Esito e significato politico delle mozioni contrapposte presentate nell’anniversario della strage della stazione di Bologna. Il commento di Otello Catalani

 

“Con nemici così, che bisogno c’è di amici?” Chissà quanti nella maggioranza, e segnatamente in Fratelli d’Italia, lo hanno pensato vedendo il diverso esito delle mozioni contrapposte presentate nell’anniversario della strage della stazione di Bologna. Perché, al di là degli obbiettivi dei due presentatori, Federico Mollicone (Fdi) e Andrea De Maria (PD), il risultato 170-117 certifica la diversa capacità di manovra dei due schieramenti. Come già per la sfiducia alla ministra del Turismo Daniela Santanché (finita 111-67), non c’è confronto tra la compattezza della maggioranza e l’inesistente capacità di aggregazione della minoranza.

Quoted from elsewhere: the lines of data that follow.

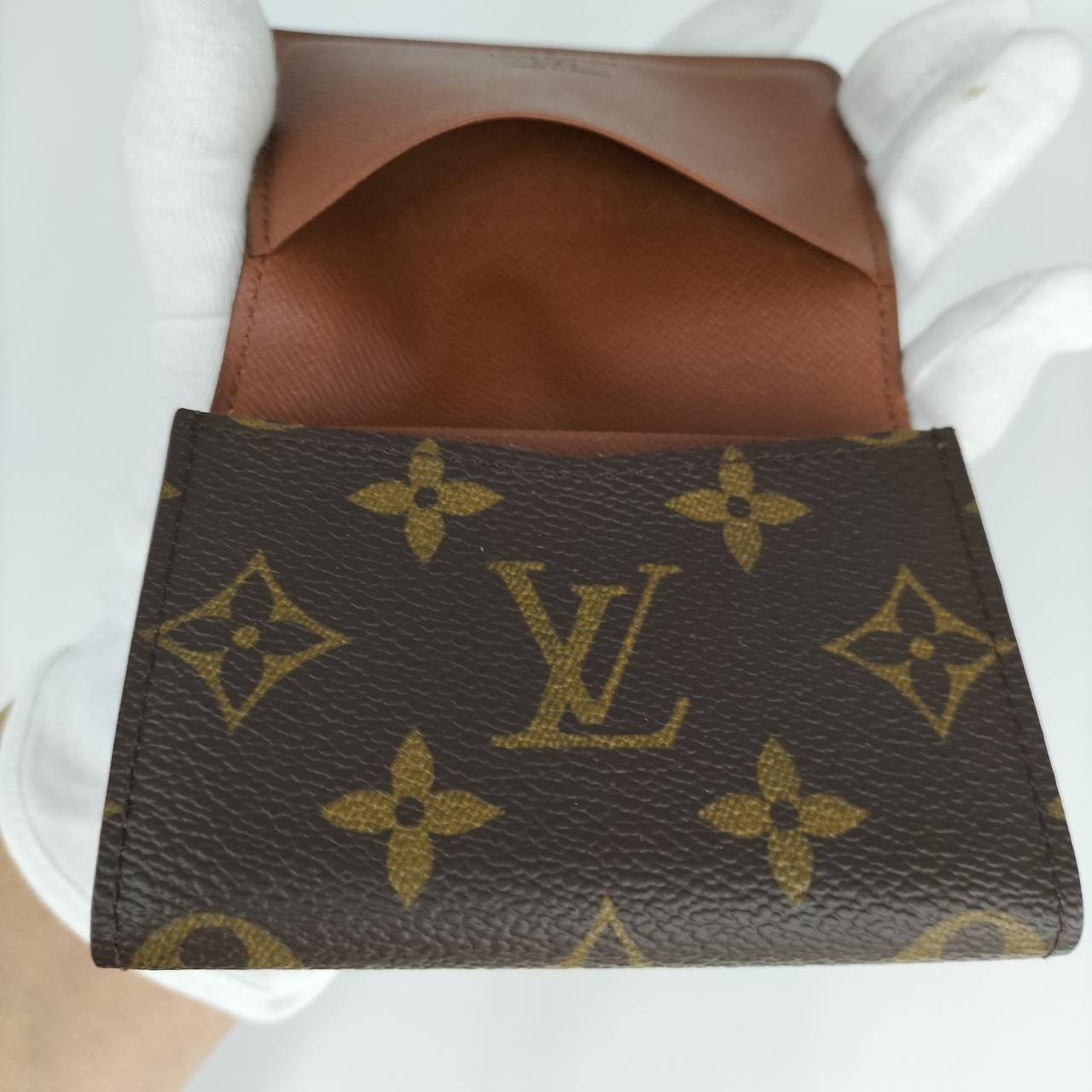 ポケットの中少しキズがあります。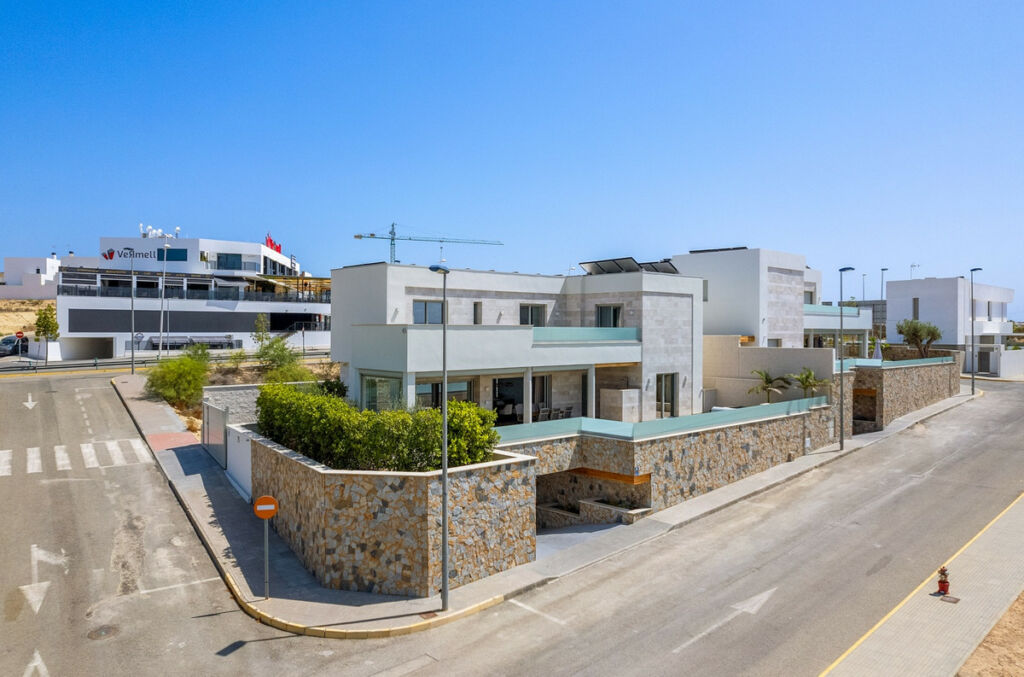 Detached Villa Benijofar Alicante - image 6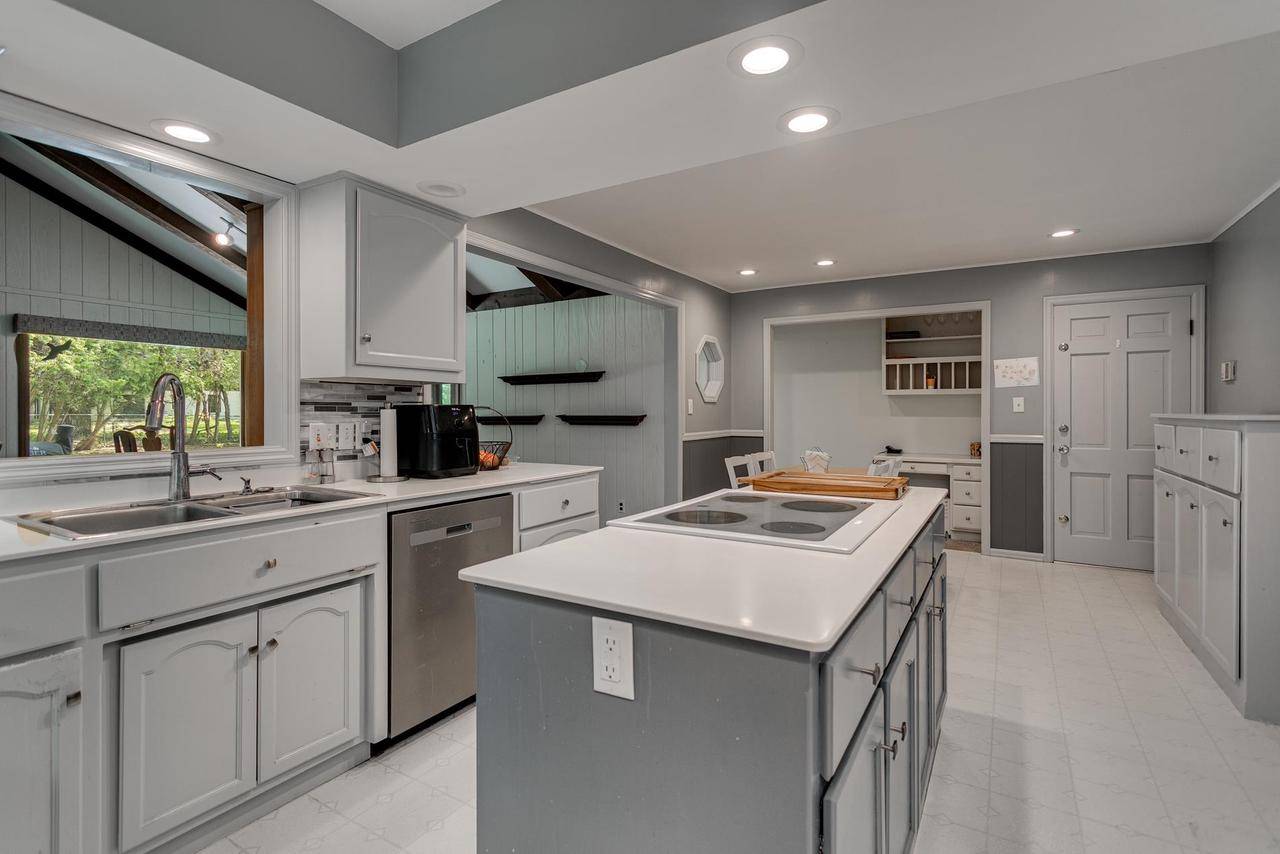 Neenah, WI 54956,548 RIFORD ROAD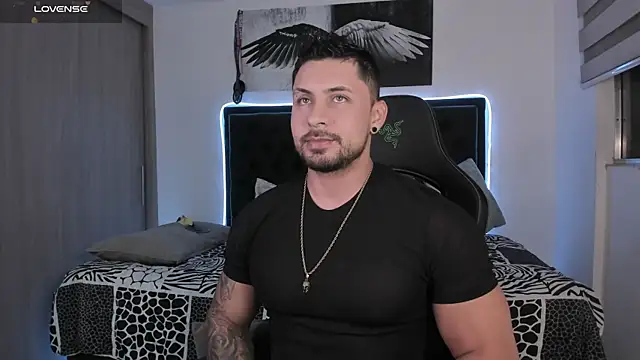 santi aesthetic online show from 06-04-26, 02:06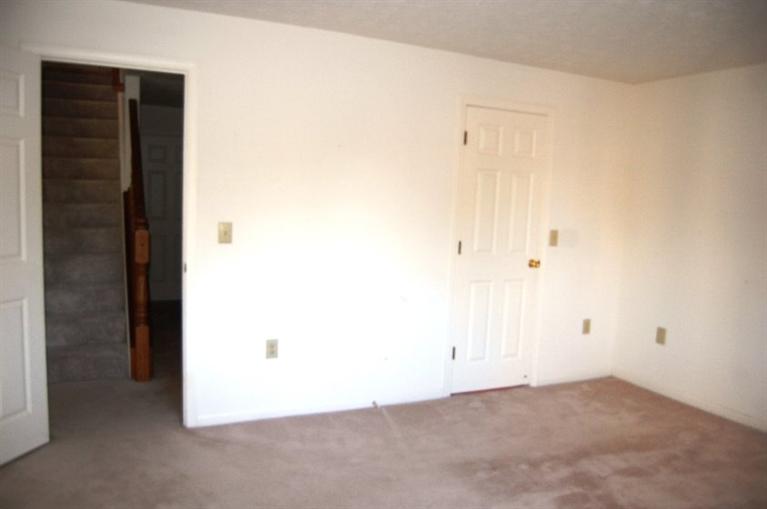 1738 Yardley Cir, Dayton, OH 45459 Movoto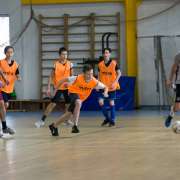 Ученики МЛШ и их родители сыграли в футбол и шахматы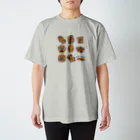 5877。の日常茶飯事パグ子ちゃん。 Regular Fit T-Shirt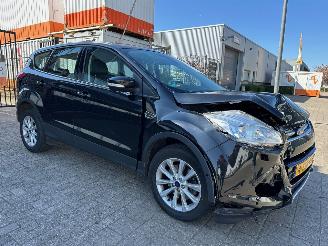 Coche accidentado Ford Kuga 1.5 Titanium 4WD Automaat 2015/3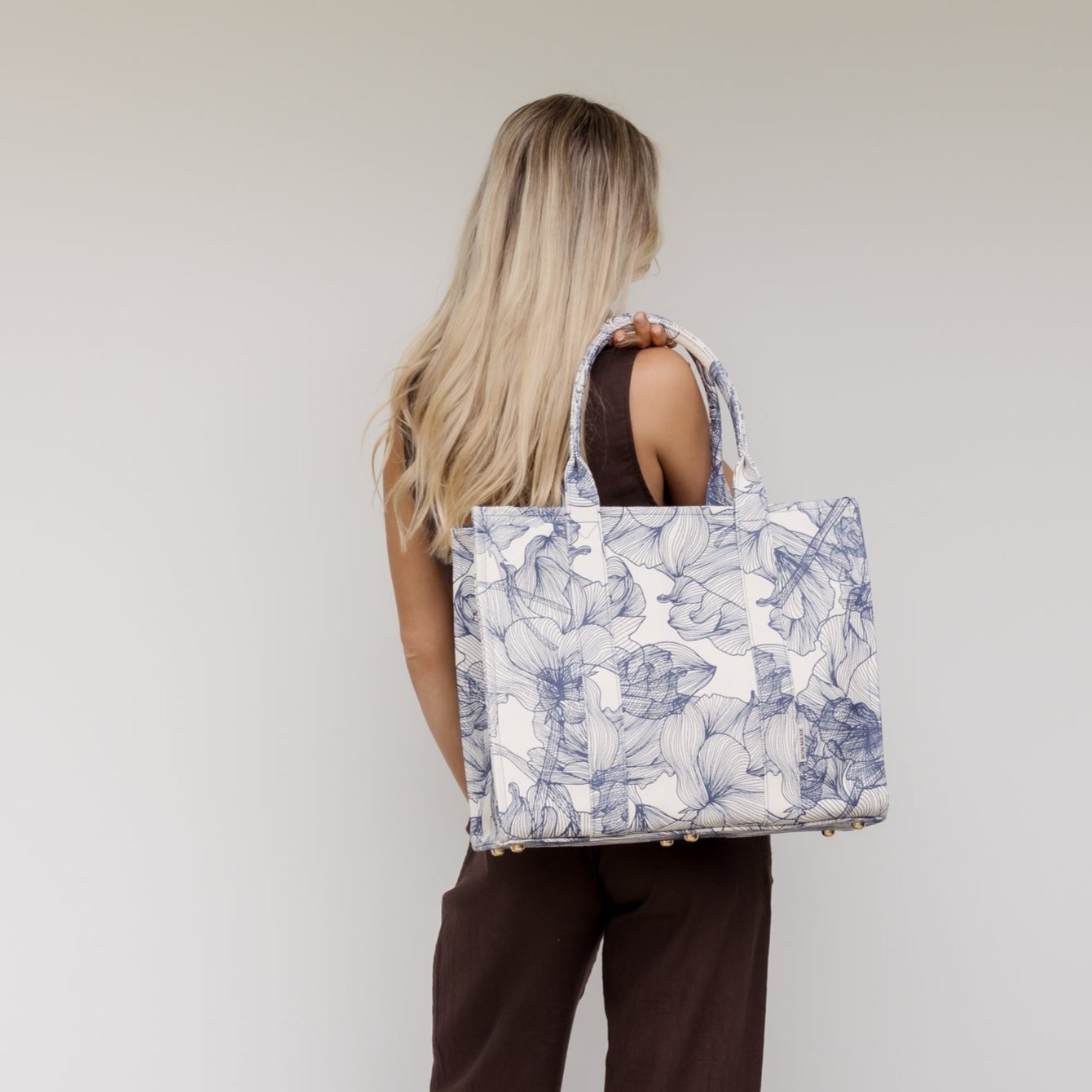 Large Bon Vivant Structured Tote Bag - Navy Floral Bags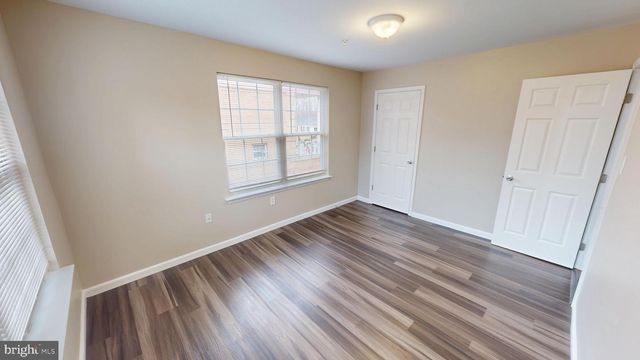 725 GLENEAGLES DR, Fort Washington, MD 20744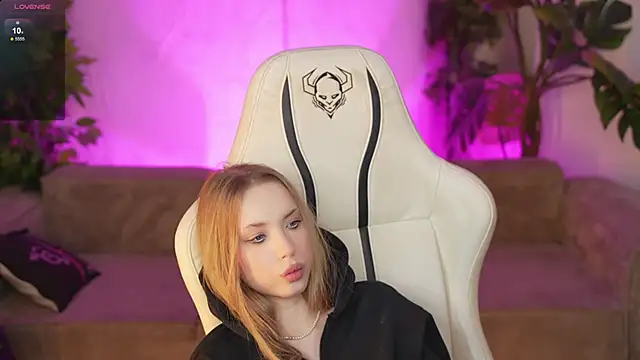 Snapshot of Linda054 chatting on 10.29.25 Linda054 online show from 10.29.25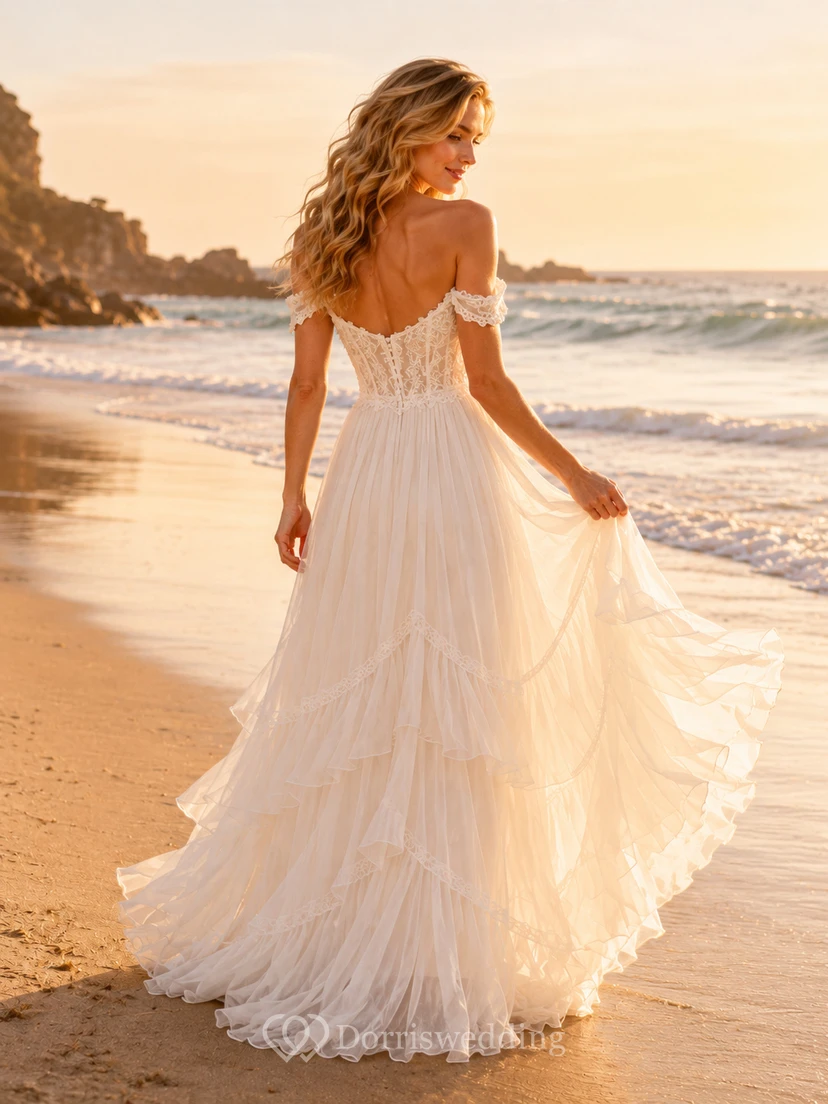 Schulterfreies, gestuftes Chiffon-Brautkleid in A-Linie für den Strand view 2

Il tema del 2 agosto è così politico che più non si può: la lettura della stagione dello stragismo, comprese le deviazioni vere o presunte di apparati, gli accordi dello Stato con i terroristi palestinesi e gli ostacoli prima alle indagini e poi alla ricerca storica. Che De Maria vuole affidare alle sentenze che incolpano i fascisti e Mollicone ai nuovi documenti che potrebbero scagionarli.

«Nella mozione – ha detto De Maria annunciandola il 1° agosto – chiediamo al governo […] di adottare tutte le iniziative volte a garantire lo svolgimento sereno e senza interferenze dei processi, ancora non conclusi». Il riferimento è al processo d’appello a Gilberto Cavallini, ormai alle battute finali a Bologna, che ha visto il tribunale rifiutare ogni richiesta della difesa, al punto da spingerla a rimettere il mandato asserendo di non essere messa in grado di svolgerlo. Non è un caso che fuori dal Parlamento si moltiplichino gli attacchi preventivi per l’inserimento nel Comitato Consultivo per la declassifica dei documenti di storici o associazioni non ortodossi.

Le 3.265 parole in sette pagine dei 27 di FdI chiedono di digitalizzare i documenti, di aggiungere quelli raccolti dalle commissioni d’inchiesta parlamentari, di concentrarli presso l’Archivio Centrale dello Stato e in generale di renderli più facilmente accessibili. Basti pensare che, a differenza di quanto accade per tutti gli altri, per quelli delle stragi presso l’ACS bisogna prendere appuntamento ed è vietata la riproduzione, tanto che c’è chi se li trascrive a mano come nel XIX secolo. Per le copie, a pagamento, bisogna attendere settimane e in alcuni casi addirittura chiedere l’approvazione del Ministero dell’Interno. Nella visione di FdI, i documenti si dovrebbero poter vedere dalla propria casa a Reggio Emilia o da una spiaggia in Puglia, senza dover venire a Roma, senza dover aspettare settimane o mesi per il PDF di un paio di fogli. Magari senza l’ossessione del pagamento dei diritti d’immagine (sì, c’è anche quello) quando, per stroncare una polemica, si vuole pubblicare l’originale invece della trascrizione.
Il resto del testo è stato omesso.